Depuis, beaucoup ici craignent que l'Azerbaïdjan pousse son avantage et lance des opérations pour grignoter le sud de l'Arménie, notamment un corridor longeant la frontière avec l'Iran, pour créer une continuité territoriale avec le Nakhitchevan.

C'est d'ailleurs dans cette enclave que le président turc Recep Tayyip Erdogan s'est rendu pour célébrer la victoire de son allié azerbaïdjanais et déclarer que la reconquête du Karabakh ouvrait de "nouvelles opportunités" dans la région.

A Areni, qui compte près de 2.000 habitants et vient d'accueillir quelque 160 réfugiés du Karabakh, l'inquiétude n'est pas factice.

"Nous sommes prêts à partir à chaque moment. Nous avons cette peur dans nos cœurs en permanence", confie Alina Maïrapetian, née il y a quarante-huit ans à Areni où elle possède une exploitation agricole et un gîte dont elle a gracieusement ouvert les portes à la famille de Khalida.

Alina n'a pas préparé de valises pour être prête à partir dans l'urgence mais, dit-elle, "tous les jours au réveil, on se réjouit de se réveiller dans notre maison".

Pendant que sa mère épépine des poivrons à même le sol, dans la cour de son exploitation, elle dit avoir abandonné tous les travaux dans sa maison de peur que ce soit les Azerbaïdjanais qui en profitent. "On ne sait pas combien de temps on va rester", se lamente-t-elle.

- "+We Will Rise+" -

En charge du commerce et du tourisme à la mairie, Noraïr Gregorian a fort à faire en ce moment. "Bien sûr que nous voyons l’anxiété dans la population, on l'entend dans toutes les conversations", dit-il.

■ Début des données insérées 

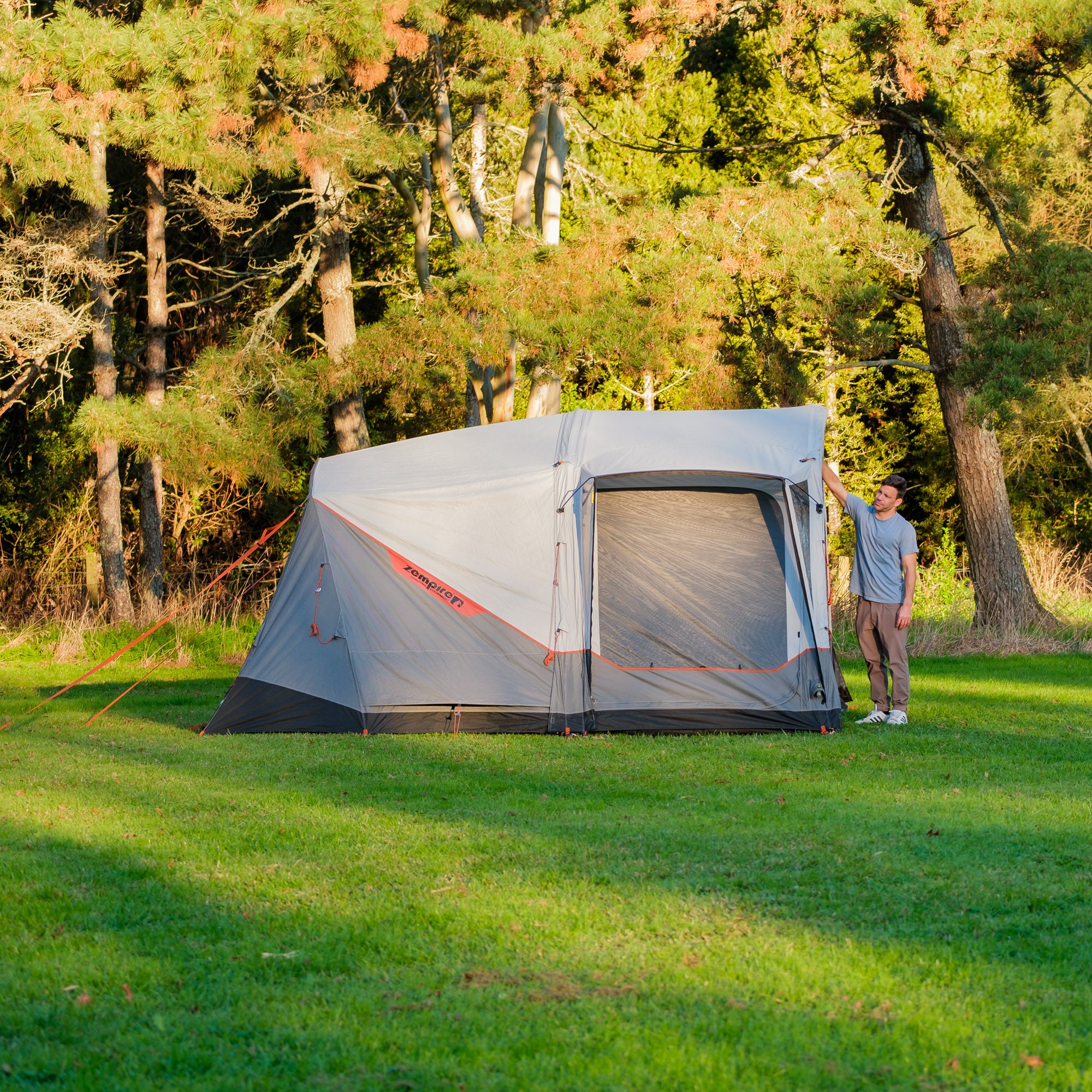 Shapeshifter 4SL Air Tent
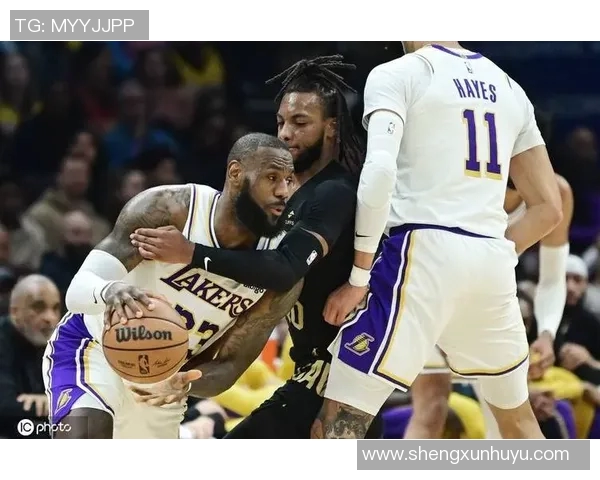 湖人对阵骑士精彩比赛直播全程回顾与分析尽在这里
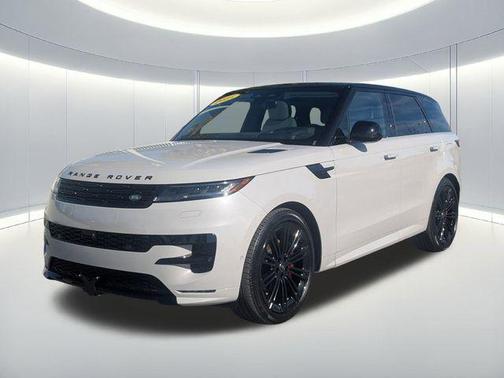 2025 Land Rover Range Rover Sport SE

La vie quotidienne suit certes son cours, les rares commerces du bourg sont ouverts et des enfants à vélo descendent en trombe des routes de terre. Mais le coeur n'y est pas.

La fête du vin, qui devait se tenir le week-end dernier et promettait d'attirer des milliers de touristes à Areni, a encore dû être annulée et tout le monde ici se "prépare à défendre le village", clame Noraïr Gregorian.

Encaissé entre les montagnes, Areni ne ressemble toutefois pas à une citadelle imprenable. Sur la route qui y mène depuis la capitale Erevan, on croise quelques camions de l'armée arménienne transportant des pièces d'artillerie et des fourgons militaires de leurs alliés russes mais ils semblent davantage prendre la direction de la frontière sud du pays.

Le soutien de Moscou, Ara Moussaelian n'y croit toutefois plus. Lui aussi a trouvé refuge à Areni avec ses trois enfants après avoir fui le Haut-Karabakh où il servait dans l'armée, mais il est davantage rongé par l'esprit de vengeance que par l'inquiétude.

"Bien sûr qu’il y aura à nouveau la guerre et peu importe où je dois combattre", dit-il dans la modeste terrasse de la maison, encore en travaux, où il s'est établi avec sa famille.

C'est le fait du hasard mais, sur le sweat-shirt de son jeune fils Artur, quelques mots en anglais résument son état d'esprit: "We Will Rise" ("Nous nous relèverons").

Au Karabakh, l'ancien soldat affirme avoir vu les troupes de Bakou commettre des atrocités lors de l'offensive de septembre, et guette l'heure des représailles. "Je veux me venger, peu importe où je suis", lance-t-il.